Fifty five years ago the Delhi Development Act was passed by Indian Parliament and after receiving presidential assent on December 27, 1957 it came into effect. Among other things it led to the creation of an urban behemoth – Delhi Development Authority.
It was another decade before DDA decided to get into housing activity – that is, build, allot and sell residential properties. Despite the fact that building and selling houses was not the main objective of DDA when it was set up under law, it came to be seen as the provider of reasonably priced homes for the middle and lower middle class through the 1970s, 1980s and the first years of the 1990s.
In the 45 years that DDA has been engaged in housing activity it has allotted a grand total of 394,738 residential flats. Pay attention to the word allotted as it does not mean built because the number displayed on the DDA website includes the re-allotment of surrendered and cancelled flats. Even if you include those flats it translates to DDA making available a princely number of 8971 flats every year.
Anyone with the slightest knowledge on Delhi’s burgeoning demography would agree that DDA’s housing division has built too little. But because it has DDA’s stamp, its houses have drawn hordes at the time of registration of new schemes. In the initial decades the schemes enabled the lucky few from middle classes to secure a house, but in the post liberalisation era, even the DDA has been motivated by trying to desire to get the maximum dividends. No scrutiny has been made if the DDA has remained faithful in fulfilling its objectives – both in letter and in spirit.
Let us look at the latest DDA offering – 110 flats with two, three, four and five bedrooms in the Commonwealth Games Village. The advertisement says that flats are in the most desirable place in the capital. Fair enough – good location, polished pedigree and has the trappings of modern conveniences.
But the fine print reveals that there are a total of 711 flats that DDA has to sell but is presently putting only 110 on the shelf because it was to ascertain the market rate. Forget for a moment if DDA – of all institutions – is unaware of the market rate. Even if we accept the strategy to be legitimate let us see how DDA will do this.

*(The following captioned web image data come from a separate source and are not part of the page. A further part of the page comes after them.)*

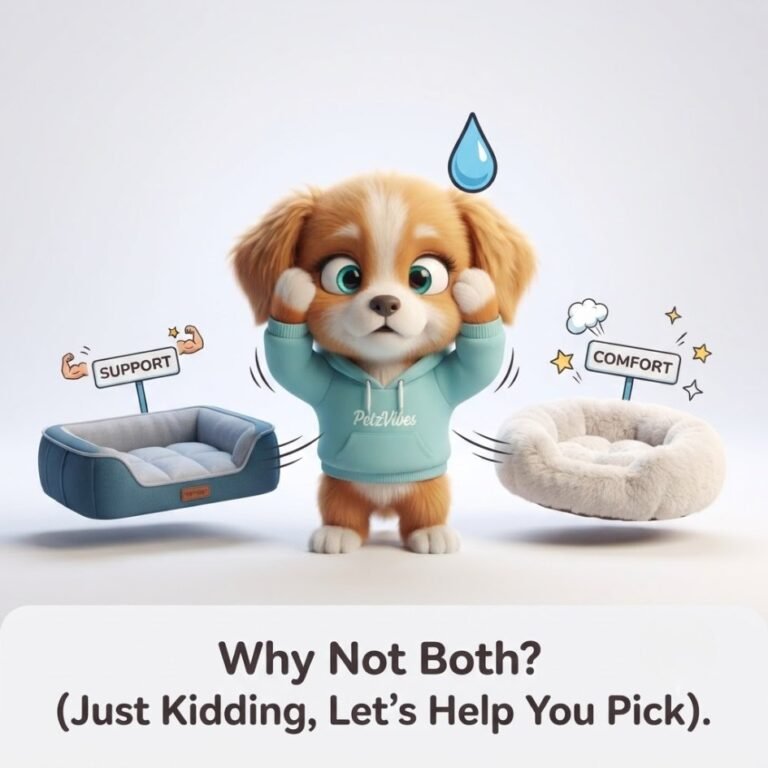 Orthopedic vs. Plush bed with Vibo character from Petzvibes.com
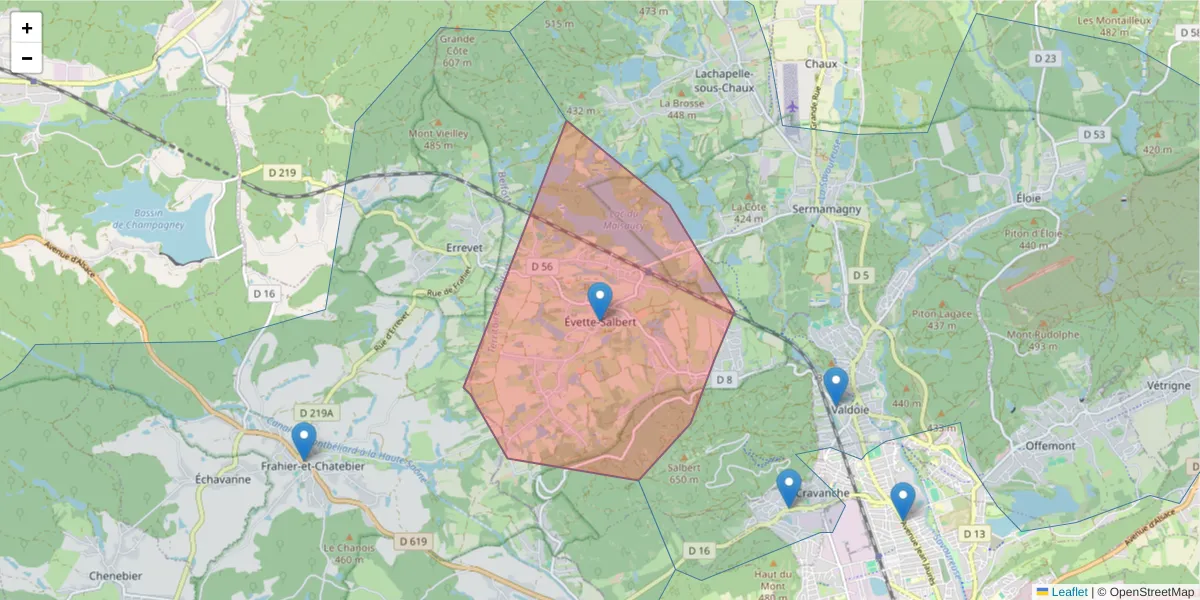 Carte de la zone du code postal  et des codes postaux voisins en France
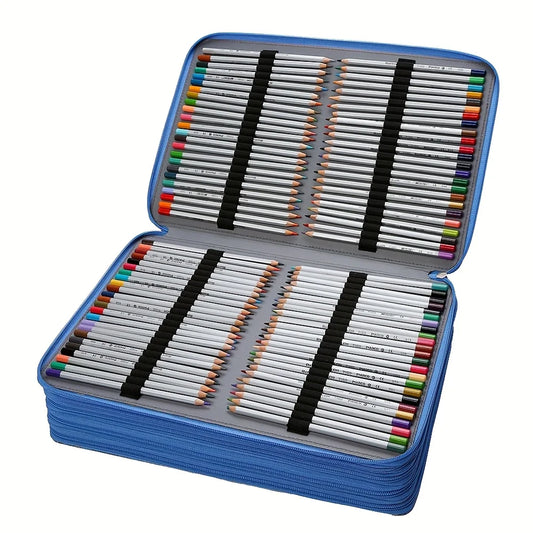 5-Layer 480-Compartment Colored Pencil Storage Box with Zipper Closure—Durable Canvas Material Art Supplies Storage Box, Multiple Compartments + Detachable Shoulder Strap, Suitable for Artists, Painters, Travelers (Yellow/Black), Fun Design, Fabric Struct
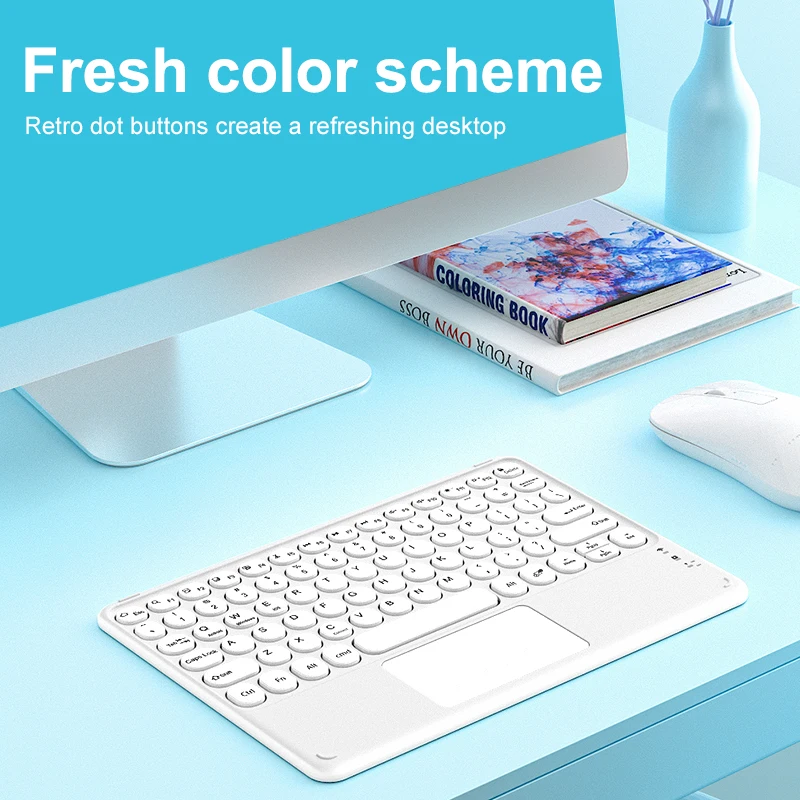 Wireless Keyboard Rechargeable Gaming Keyboard Touchpad Bluetooth-compatible Keypads for Phone Samaung PC Tablet iPad Keyboards bluetooth keyboard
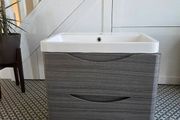 wall hung bathroom cabinet and sink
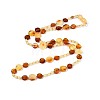 Natural Amber Flat Round and Round Beaded Necklaces NJEW-T019-11-3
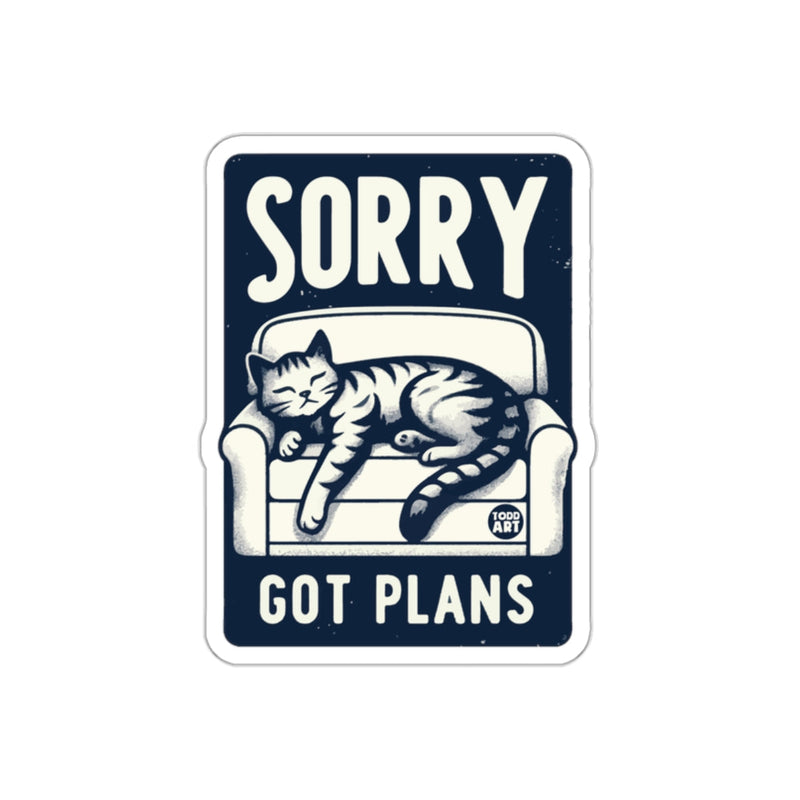 Load image into Gallery viewer, Sorry Got Plans Sleeping Cat Sticker Design
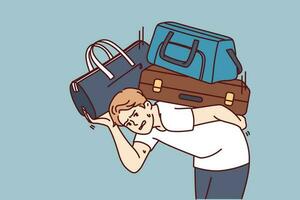 missnöjd man med tung resväskor är rör på sig eller flyttar till ny stad. kille i tillfällig kläder böjer sig över sätta resväskor på tillbaka och utseende på skärm i behöver av hjälp från lastare vektor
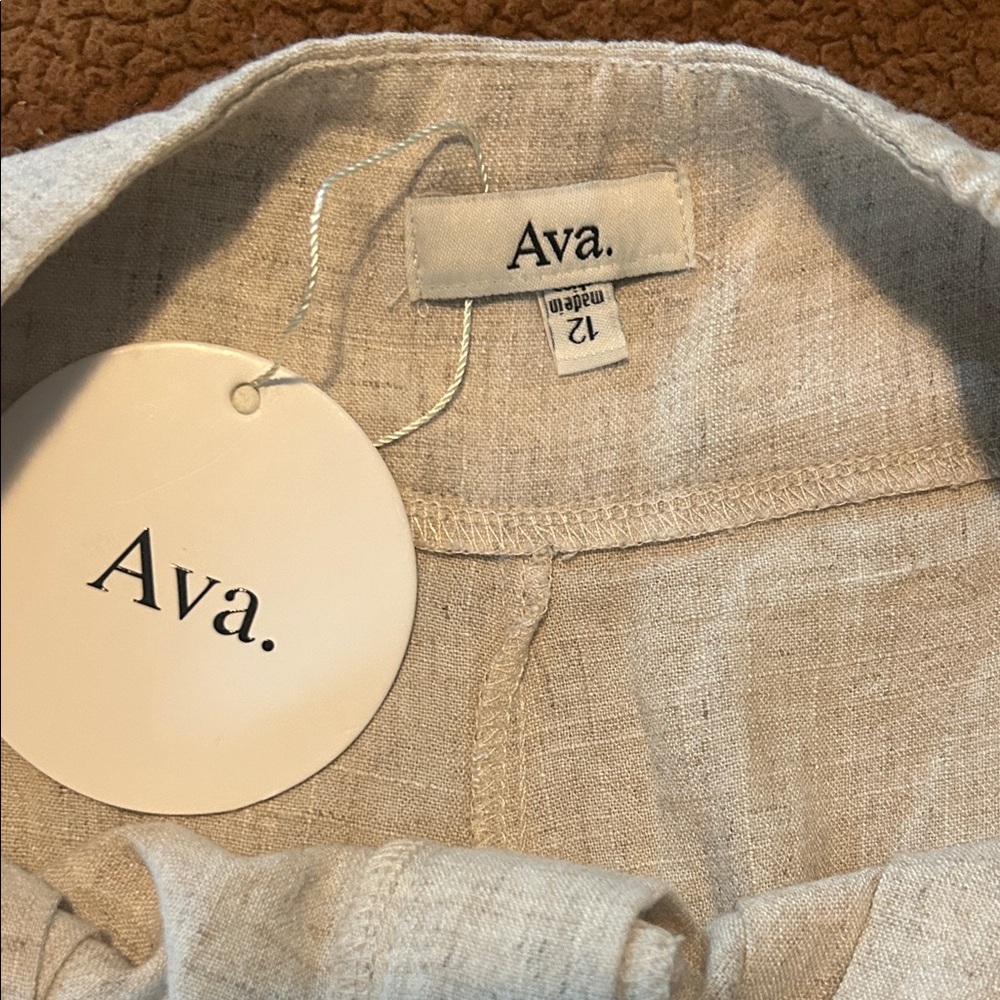 Women's Tan Linen Shorts with Tie Waist - Picture 10 of 11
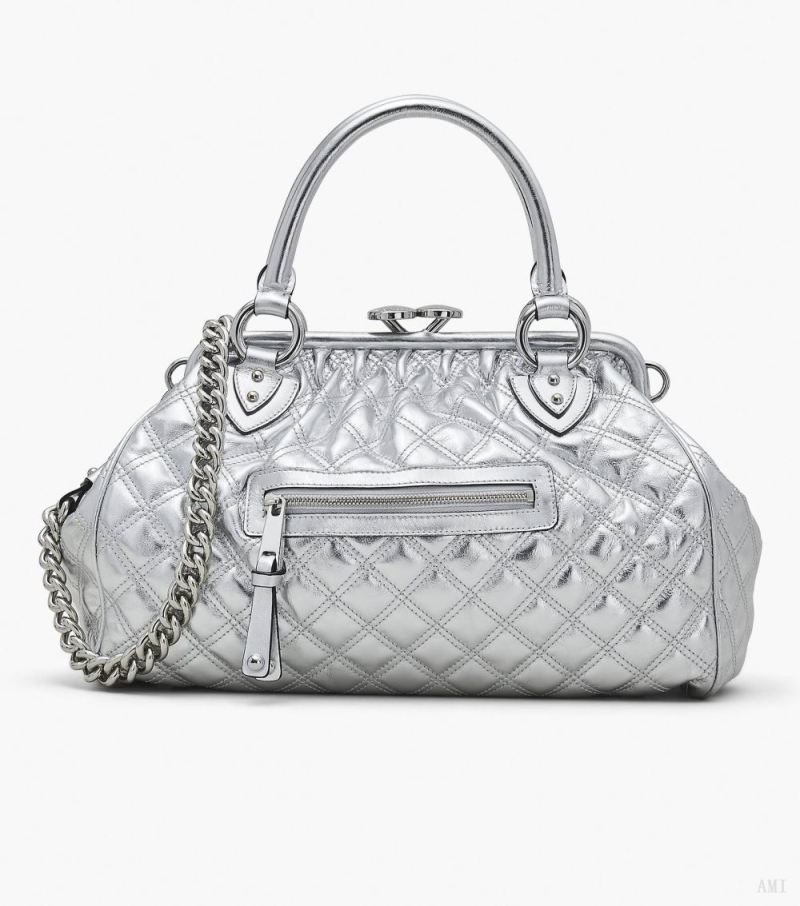 Marc Jacobs | Re-Edition Quilted Metallic Leather Stam Bag - Silver - Click Image to Close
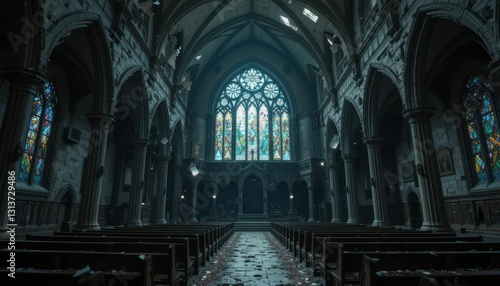 Serene Interior of Abandoned Gothic Church with Stained Glass Windows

They have asked for tenders form bidders and the flats will go to the highest bidders. Who is eligible for bidding for the ridiculously miniscule number of flats? Citizens of India, NRIs and PIOs, and Central government, state governments, government departments and PSUs.
Only governments and their agencies are entitled to bid for more than one flat.
This way, the ones with the deepest pockets will determine the market rate. It will also falsely inflate the price because the ones who have such deep pockets will bid higher with an idea of out-biding others. This includes governments and its departments who have little constraints of resources. Auctioning resources for business is understandable but not urban housing. For the moment it appears that DDA wants to falsely jack up the market rate as the price in this auction will have a cascading effect.
Given that DDA is a body created by an Act of Parliament, it should not be guided by market diktats alone. It is better to set a reasonable price, seek applications and go in for lots drawn in a transparent manner. Or else, steer clear of housing activity.